For a while, casinos decided to stick with the business model that had served Las Vegas and Atlantic City well for many years: Give potential customers perks to come and gamble.
But much like airline fare wars of the past — where airlines would simply undercut competitors’ rates — at some point their profit margin disappears. They’re more or less giving away $100 to get someone to gamble $50.
As with the airlines, the numerous perks simply turned into a bidding war between casinos. Had this continued, it would have led to a profit drought.
Faced with an untenable situation, a number of casinos made some difficult and risky changes. Instead of value, they offered luxury. Casinos began to realize they couldn’t simply offer gambling and expect people to show up.
The new casino experience
Now casinos are going in the opposite direction.
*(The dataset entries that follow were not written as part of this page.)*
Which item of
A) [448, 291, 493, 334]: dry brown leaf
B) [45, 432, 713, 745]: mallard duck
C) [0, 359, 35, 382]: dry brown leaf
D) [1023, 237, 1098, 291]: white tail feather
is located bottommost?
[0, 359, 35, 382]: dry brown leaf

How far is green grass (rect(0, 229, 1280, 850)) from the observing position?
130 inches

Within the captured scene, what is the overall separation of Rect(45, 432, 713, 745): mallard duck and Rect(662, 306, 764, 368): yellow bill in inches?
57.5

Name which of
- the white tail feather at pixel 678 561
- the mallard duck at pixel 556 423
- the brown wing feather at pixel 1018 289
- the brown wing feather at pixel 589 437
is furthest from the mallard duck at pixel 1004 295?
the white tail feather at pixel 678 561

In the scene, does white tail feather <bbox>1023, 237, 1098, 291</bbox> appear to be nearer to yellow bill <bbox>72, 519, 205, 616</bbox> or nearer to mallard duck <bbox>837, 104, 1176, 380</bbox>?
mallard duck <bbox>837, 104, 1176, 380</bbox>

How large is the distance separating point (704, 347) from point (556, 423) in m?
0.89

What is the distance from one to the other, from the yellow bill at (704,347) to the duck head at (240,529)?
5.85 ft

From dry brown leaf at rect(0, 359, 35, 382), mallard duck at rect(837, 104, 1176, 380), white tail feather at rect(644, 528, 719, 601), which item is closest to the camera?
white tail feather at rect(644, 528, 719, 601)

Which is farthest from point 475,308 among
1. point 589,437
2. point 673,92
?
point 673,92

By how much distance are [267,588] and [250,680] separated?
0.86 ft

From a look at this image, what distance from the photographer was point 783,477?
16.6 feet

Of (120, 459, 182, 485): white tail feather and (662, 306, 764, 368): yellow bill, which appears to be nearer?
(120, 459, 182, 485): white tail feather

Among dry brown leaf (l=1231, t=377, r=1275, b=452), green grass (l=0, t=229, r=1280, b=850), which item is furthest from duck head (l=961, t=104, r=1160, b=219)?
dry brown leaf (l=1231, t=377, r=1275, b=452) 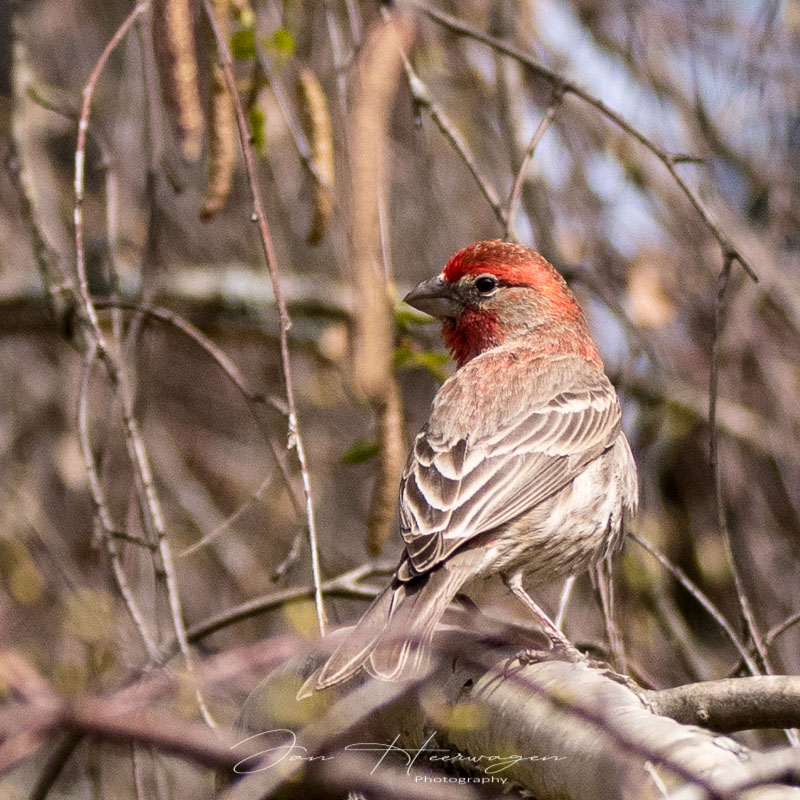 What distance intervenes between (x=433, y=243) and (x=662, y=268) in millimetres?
1416

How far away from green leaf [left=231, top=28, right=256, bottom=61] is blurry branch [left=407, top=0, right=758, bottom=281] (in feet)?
2.06

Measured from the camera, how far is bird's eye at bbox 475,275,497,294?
4980mm

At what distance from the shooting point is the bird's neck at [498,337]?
16.3 feet

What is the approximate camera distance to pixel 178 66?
3.70 metres

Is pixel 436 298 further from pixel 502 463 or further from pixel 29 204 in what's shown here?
pixel 29 204

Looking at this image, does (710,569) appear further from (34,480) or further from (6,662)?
(6,662)

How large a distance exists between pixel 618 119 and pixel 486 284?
4.45 feet

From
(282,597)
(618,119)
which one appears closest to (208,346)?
(282,597)

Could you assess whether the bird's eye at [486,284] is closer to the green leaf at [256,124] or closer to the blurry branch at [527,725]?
the green leaf at [256,124]

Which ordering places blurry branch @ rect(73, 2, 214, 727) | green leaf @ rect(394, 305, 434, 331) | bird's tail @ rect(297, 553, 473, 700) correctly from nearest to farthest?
bird's tail @ rect(297, 553, 473, 700) → blurry branch @ rect(73, 2, 214, 727) → green leaf @ rect(394, 305, 434, 331)

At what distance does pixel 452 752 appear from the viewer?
10.0ft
Instead of cheap rooms and loss-leading buffets, they’re charging visitors through the teeth for those rooms and plying them with high-end eateries, expensive shows and bottle service in their clubs.
Some have described this as penny-pinching and less value for the visitor. However, in my estimation, it’s something altogether different. It’s a new business model that’s selling people an experience and a status.
Instead of catering to the value hunters, casinos are no catering to the spendthrifts — the people willing to splurge for a once-in-a-lifetime experience.
And it’s working.
Hotel rooms are more valuable than slot machines
Gaming, once the be all end all of casino revenue, now represents just one third of total Las Vegas Strip revenue.
“If the current trend continues, by 2019, rooms will make about as much money as the casino floor, in 2020 they will surpass it, and by 2023, Las Vegas Strip resorts will make about $2 billion more from their rooms than their gambling.”
Schwartz noted that gaming revenue was down $600 million in 2016, compared to 2007, but room revenue was up $800 million.
These numbers are indicative of the idea that casinos have long undervalued their hotels and amenities. They used to give them away as door prizes to anyone who set foot on the casino floor.
As it turns out, the four- and five-star hotels are the real attraction.
Shifting away from gambling is good for everyone
States initially turned to legalized gambling to bring in new revenue. But because of the saturation of the market, existing casinos saw revenues sag as new, swankier venues opened. This led to layoffs, and in some locales (see Atlantic City in New Jersey) closures. This can have a devastating impact on a local economy.
States are now trying to mitigate the potential negatives, and in doing so they’re almost forcing the casino industry’s hand and accelerating the shift toward non-gaming revenue.
Nowhere is this more evident than in Massachusetts.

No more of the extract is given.